Work instructions:
Each entry should be transcribed exactly as written, and any picture left out.

Scraped caption text data
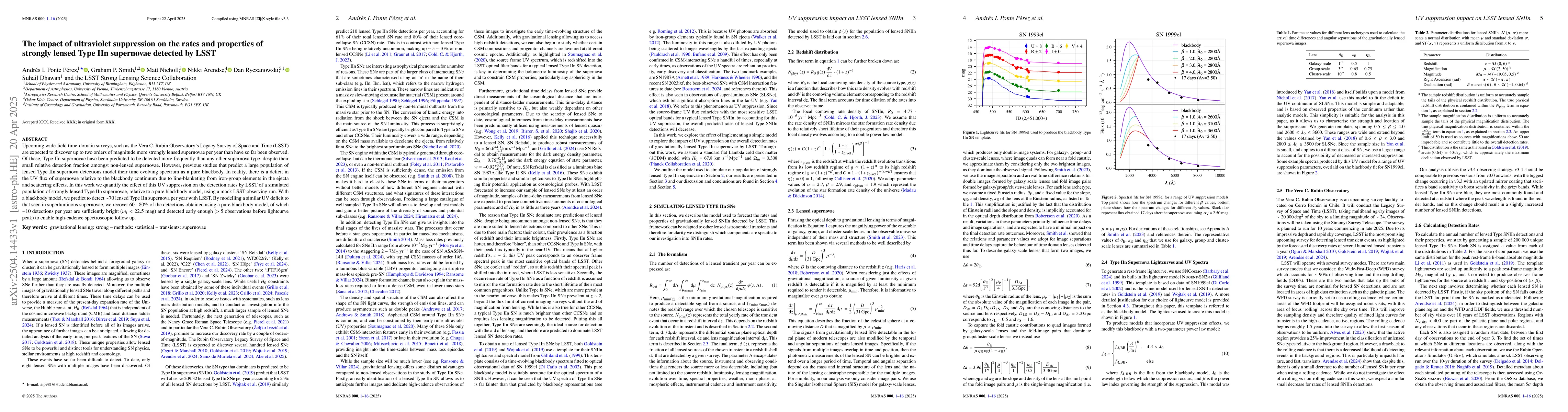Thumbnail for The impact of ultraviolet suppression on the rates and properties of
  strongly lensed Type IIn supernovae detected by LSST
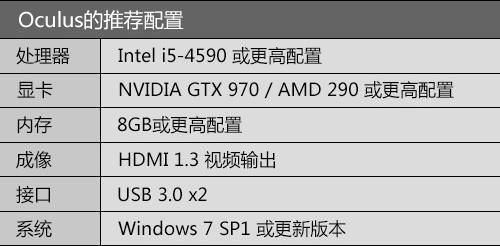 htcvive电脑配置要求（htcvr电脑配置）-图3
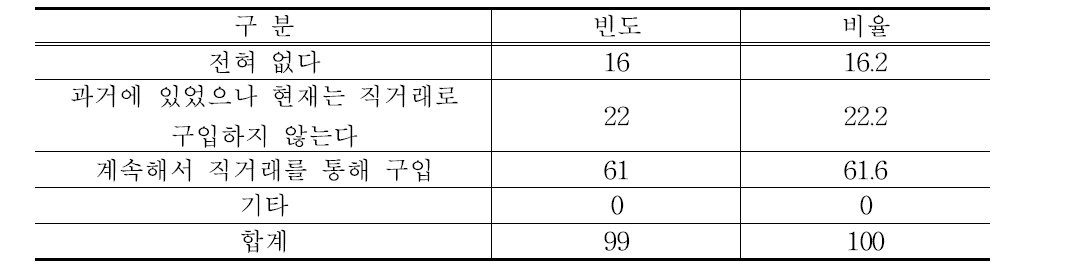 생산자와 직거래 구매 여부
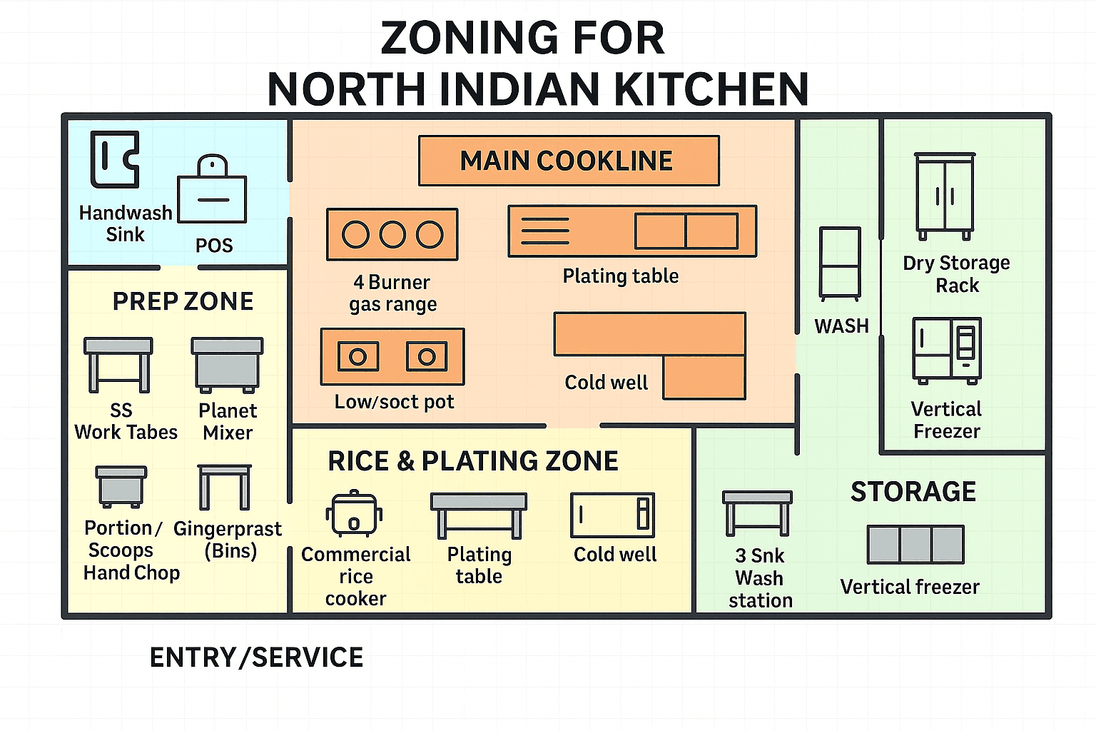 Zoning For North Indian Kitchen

Your response:
Thumbnail for The impact of ultraviolet suppression on the rates and properties of
  strongly lensed Type IIn supernovae detected by LSST
 htcvive电脑配置要求（htcvr电脑配置）-图3
 생산자와 직거래 구매 여부
 Zoning For North Indian Kitchen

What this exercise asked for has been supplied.